NTGR 2014.10.23 - 8K


          
UNITED STATES
SECURITIES AND EXCHANGE COMMISSION
Washington, D.C. 20549  
 
 
 
 
 
 FORM 8-K
 
 CURRENT REPORT
Pursuant to Section 13 or 15(d) of
the Securities Exchange Act of 1934
 
 
 
 
 
Date of Report (Date of earliest event reported):
October 23, 2014
 
 NETGEAR, INC.
(Exact name of Registrant as specified in its charter)  
 
 
 
 
 
 
Delaware
 
000-50350
 
77-0419172
(State or other jurisdiction
of incorporation)
 
(Commission
File Number)
 
(I.R.S. Employer
Identification Number)
 
 
 
 
 
350 East Plumeria Drive
San Jose, CA 95134
(Address, including zip code, of principal executive offices)
 
 
 
 
 
(408) 907-8000
(Registrant's telephone number, including area code)  
 
 
 
 
 

 
Check the appropriate box below if the Form 8-K filing is intended to simultaneously satisfy the filing obligation of the registrant under any of the following provisions (see General Instruction A.2. below):
 
o
Written communications pursuant to Rule 425 under the Securities Act (17 CFR 230.425)
 
o
Soliciting material pursuant to Rule 14a-12 under the Exchange Act (17 CFR 240.14a-12)
 
o
Pre-commencement communications pursuant to Rule 14d-2(b) under the Exchange Act (17 CFR 240.14d-2(b))
 
o
Pre-commencement communications pursuant to Rule 13e-4(c) under the Exchange Act (17 CFR 240.13e-4(c))

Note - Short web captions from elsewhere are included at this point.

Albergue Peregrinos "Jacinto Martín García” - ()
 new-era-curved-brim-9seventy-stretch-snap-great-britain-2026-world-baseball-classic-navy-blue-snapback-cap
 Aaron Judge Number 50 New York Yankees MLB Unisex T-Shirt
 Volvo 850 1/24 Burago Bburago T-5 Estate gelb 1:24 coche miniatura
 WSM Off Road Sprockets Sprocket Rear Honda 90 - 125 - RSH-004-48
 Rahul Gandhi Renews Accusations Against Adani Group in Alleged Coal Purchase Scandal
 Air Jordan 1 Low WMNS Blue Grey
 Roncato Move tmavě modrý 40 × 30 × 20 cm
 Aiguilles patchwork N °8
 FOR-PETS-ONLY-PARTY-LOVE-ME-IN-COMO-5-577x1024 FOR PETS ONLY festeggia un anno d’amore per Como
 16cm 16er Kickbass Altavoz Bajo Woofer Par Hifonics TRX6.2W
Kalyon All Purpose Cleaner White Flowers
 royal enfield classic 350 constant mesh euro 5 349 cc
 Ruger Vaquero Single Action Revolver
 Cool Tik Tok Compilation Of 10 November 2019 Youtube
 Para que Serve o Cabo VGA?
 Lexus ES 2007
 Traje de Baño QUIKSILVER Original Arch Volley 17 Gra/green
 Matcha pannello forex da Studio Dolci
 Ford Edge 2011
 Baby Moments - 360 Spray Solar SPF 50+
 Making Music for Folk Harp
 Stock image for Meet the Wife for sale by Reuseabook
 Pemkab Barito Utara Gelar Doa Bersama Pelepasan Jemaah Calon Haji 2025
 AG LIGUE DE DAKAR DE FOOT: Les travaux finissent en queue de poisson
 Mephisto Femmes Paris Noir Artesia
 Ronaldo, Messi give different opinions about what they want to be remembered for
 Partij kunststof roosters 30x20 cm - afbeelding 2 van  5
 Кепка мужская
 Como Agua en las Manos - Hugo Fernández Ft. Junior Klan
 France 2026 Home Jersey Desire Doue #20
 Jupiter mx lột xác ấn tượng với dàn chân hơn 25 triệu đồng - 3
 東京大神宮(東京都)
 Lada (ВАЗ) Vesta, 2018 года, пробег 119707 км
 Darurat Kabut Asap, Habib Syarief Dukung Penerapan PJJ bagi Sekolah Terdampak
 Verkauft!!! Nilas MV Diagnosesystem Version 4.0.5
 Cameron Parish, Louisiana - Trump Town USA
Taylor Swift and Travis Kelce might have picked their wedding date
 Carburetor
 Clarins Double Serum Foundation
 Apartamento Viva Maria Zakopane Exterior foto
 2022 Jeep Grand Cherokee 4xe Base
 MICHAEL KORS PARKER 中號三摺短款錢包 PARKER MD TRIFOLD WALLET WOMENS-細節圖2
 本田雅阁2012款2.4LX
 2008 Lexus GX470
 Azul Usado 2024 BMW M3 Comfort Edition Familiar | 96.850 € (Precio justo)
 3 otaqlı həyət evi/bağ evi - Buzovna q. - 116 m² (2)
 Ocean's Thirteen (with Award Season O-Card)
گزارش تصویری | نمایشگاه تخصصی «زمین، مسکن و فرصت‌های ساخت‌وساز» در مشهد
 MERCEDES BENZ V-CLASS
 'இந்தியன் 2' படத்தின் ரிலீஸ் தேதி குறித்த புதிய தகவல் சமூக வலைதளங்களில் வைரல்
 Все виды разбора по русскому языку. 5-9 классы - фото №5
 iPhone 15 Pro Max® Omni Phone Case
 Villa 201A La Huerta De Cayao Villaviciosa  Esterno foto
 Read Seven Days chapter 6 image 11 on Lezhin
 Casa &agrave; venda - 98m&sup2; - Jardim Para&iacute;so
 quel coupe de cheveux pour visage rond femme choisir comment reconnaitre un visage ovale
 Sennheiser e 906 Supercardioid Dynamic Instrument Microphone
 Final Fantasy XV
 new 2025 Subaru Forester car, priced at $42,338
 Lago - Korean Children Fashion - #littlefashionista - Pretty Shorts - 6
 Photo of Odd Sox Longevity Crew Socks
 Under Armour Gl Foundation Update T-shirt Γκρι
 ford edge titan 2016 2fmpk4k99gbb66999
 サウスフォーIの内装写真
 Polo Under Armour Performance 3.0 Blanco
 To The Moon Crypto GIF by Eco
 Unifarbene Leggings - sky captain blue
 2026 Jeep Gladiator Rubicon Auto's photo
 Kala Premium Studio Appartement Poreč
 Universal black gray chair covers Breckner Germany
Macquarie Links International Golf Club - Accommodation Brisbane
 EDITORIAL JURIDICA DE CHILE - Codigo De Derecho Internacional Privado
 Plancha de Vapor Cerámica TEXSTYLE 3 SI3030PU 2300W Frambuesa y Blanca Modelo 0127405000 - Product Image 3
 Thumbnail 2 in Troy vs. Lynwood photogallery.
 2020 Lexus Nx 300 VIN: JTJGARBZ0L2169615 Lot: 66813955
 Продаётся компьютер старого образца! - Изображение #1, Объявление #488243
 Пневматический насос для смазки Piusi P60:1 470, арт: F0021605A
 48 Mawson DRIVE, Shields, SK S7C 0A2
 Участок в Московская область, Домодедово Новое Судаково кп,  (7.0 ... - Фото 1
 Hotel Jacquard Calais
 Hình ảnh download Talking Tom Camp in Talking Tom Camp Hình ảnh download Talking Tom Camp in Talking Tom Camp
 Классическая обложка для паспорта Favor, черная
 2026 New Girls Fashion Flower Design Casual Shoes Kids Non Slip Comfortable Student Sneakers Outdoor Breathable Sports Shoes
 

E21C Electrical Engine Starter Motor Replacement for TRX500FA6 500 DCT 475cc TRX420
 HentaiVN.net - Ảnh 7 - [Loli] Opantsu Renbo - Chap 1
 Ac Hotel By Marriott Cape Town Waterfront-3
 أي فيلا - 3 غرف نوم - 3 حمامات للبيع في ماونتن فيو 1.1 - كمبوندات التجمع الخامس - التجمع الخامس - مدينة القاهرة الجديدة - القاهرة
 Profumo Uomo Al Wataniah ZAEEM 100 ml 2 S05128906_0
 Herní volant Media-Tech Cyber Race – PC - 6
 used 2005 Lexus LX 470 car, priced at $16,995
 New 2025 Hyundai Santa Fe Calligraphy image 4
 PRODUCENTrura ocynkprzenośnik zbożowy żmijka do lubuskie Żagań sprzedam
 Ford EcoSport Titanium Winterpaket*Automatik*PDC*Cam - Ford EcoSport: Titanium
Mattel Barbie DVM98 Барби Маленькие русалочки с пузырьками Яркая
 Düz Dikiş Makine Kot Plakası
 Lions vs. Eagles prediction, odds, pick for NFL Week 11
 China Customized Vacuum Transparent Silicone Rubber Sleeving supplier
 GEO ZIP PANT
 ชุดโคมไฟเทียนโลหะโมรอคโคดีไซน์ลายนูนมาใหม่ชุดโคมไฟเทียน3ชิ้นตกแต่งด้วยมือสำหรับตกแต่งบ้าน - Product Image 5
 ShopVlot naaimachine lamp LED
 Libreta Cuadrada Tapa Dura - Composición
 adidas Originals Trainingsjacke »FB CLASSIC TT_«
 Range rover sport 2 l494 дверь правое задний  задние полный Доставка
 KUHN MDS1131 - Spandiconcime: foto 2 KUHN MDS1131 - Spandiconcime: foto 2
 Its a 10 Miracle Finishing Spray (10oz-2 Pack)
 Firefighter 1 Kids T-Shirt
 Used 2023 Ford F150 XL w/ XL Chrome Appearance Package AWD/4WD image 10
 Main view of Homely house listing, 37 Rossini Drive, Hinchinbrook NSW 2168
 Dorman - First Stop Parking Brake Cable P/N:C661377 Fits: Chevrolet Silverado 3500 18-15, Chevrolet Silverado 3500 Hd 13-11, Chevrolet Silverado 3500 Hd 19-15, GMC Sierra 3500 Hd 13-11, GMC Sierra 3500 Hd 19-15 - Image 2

Item 2.02    Results of Operations and Financial Condition.

On October 23, 2014, NETGEAR, Inc. (the “Company”) issued a press release announcing its financial results for its third fiscal quarter ended September 28, 2014, the text of which is furnished herewith as Exhibit 99.1.

The information furnished pursuant to this Item 2.02 and the exhibit to this Current Report are being furnished and shall not be deemed “filed” for purposes of Section 18 of the Securities Exchange Act of 1934, as amended (the “Exchange Act”) or otherwise subject to the liabilities of that Section. The information furnished pursuant to this Item 2.02 and the exhibit to this Current Report shall not be incorporated by reference in any filing under the Securities Act of 1933, as amended or the Exchange Act, except as shall be expressly set forth by specific reference in such a filing.

Item 8.01    Other Events.

On October 23, 2014, in the same press release attached as Exhibit 99.1, the Company announced that its board of directors authorized a program to repurchase up to 3,000,000 shares of the Company’s common stock.

The stock repurchase authorization does not have an expiration date, and the pace of repurchase activity will depend on factors such as levels of cash generation from operations, cash requirements for acquisitions, current stock price and other factors. Under the program, the Company may repurchase shares from time to time on the open market. The Company will finance the repurchase program with available cash on hand. The stock repurchase program may be modified or discontinued at any time.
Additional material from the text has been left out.